Where, then, is the original Jerusalem?
If ‘original’ means the earliest town to bear the name Jerusalem, it can be found outside the Old City walls, on the southeast spur of the Temple Mount. There, within the mound of Ancient Jerusalem (the ‘City of David’) lie the remains of the first town, built by Canaanites in about 1800 BCE, nearly a millennium before the city was established as capital of Israel and Judah. If ‘original’ refers to the city described in the Bible and sacked by the Babylonians, it lies partly on the ancient mound, partly on the Temple Mount ridge, and partly within the southern quarters of the Old City. If ‘original’ refers to the city that reached its greatest extent under Herod and his descendants, the city destroyed by the Romans in 70 CE – it extends beneath the entire Old City and well to its north.
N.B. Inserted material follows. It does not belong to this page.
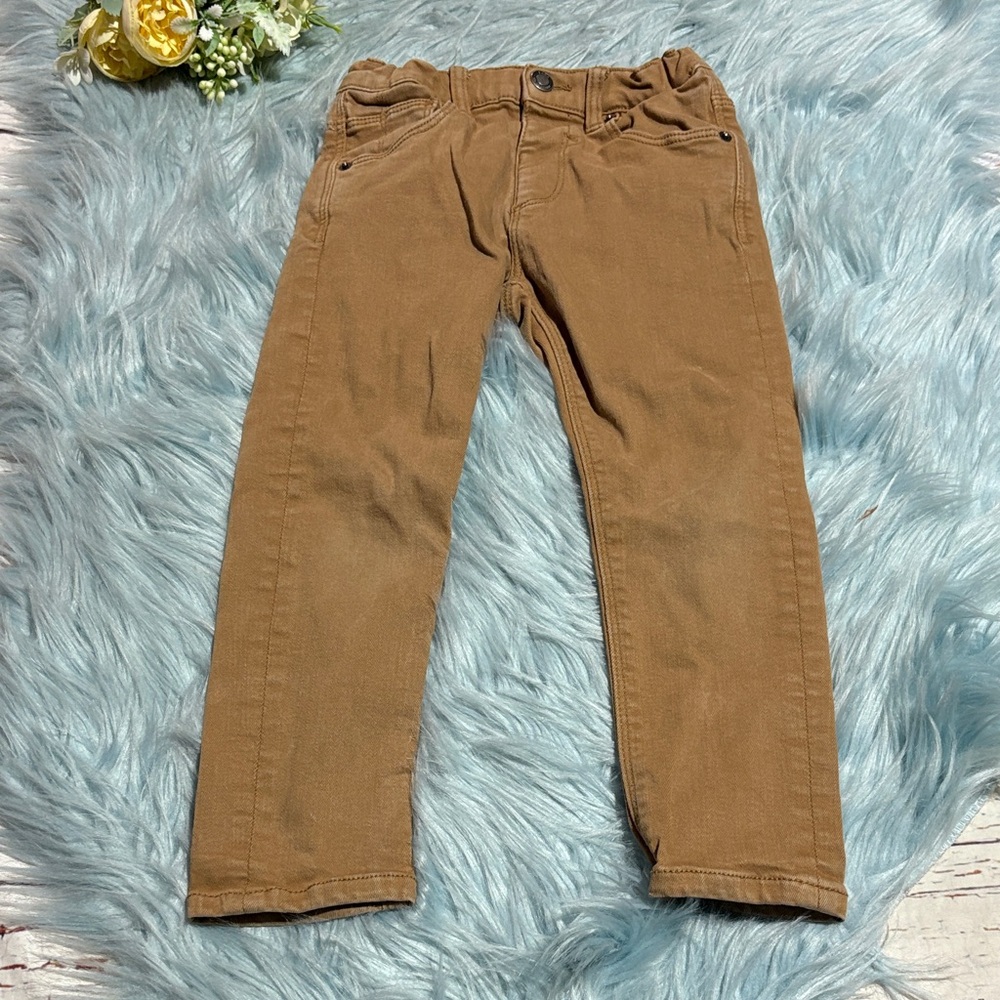 Zara The Slim Denim Tan Pants sz 3-4 years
Its remains, however, can hardly be seen on the surface, with the exception of the retaining walls of the temple enclosure.
So the real Jerusalem lies beneath the surface?
For those of us who live in the real world, the real Jerusalem is that which exists today: old and new, Palestinian and Israeli, religious and secular. But ‘real’ Jerusalem is also composed of memory and identity. We are free to choose the personal or historical memories, the religious or national, communal or familial identities that provide meaning to our lives. Jerusalem is very much an artifact of longing, faith and passion. Who could say that such images of Jerusalem are less real than the buried remains?
To be sure, archaeologists cannot impose memory on anyone. But their work is not subject to an imaginary Jerusalem: It can and should provide new and unexpected perspectives on various aspects of reality, and its discoveries should influence the stories that we tell about the city.
But surely the main archaeological periods are Jewish? David and Solomon? The First Temple? Herod’s temple?
Jerusalem’ history begins 7000 years ago, and runs on to the present. In between, there are certainly remains of Biblical Jerusalem, especially from the time of the later kings of Judah, but we should really avoid using religious terminologies for archaeological periods. There is, in fact, no physical evidence for the temple of Solomon and his successors. There is no evidence for rituals such as sacrifices or for the existence of priests, or of anything that we might associate with Jewish religious practice. Given the limited possibilities for excavation, it is not too likely that such remains will ever be found. We can’t even pinpoint the actual location of the temple, and have no attestation of its existence outside of the Bible. In archaeological terms, therefore, the material culture that characterizes Jerusalem between about 1000 and 550 BCE is best characterized as Iron Age, and it is quite similar to that found well beyond the borders of Jerusalem and Judah.
As for the period of Herod and Jesus, the remains of the Temple enclosure are more impressive, but these remains – which may have been in use only for a few decades before their destruction – do not determine the cultural character of the rest of Jerusalem, let alone that of the region. The dominant material culture of the time was Roman, and the greater proportion of all archaeological finds in Jerusalem reflects the cultures of the dominant empires: Hellenistic (from the conquest of Alexander to the Roman conquest), Roman (until the conversion to Christianity), Byzantine (Roman-Christian) and of course, Islamic (with a Crusader interlude).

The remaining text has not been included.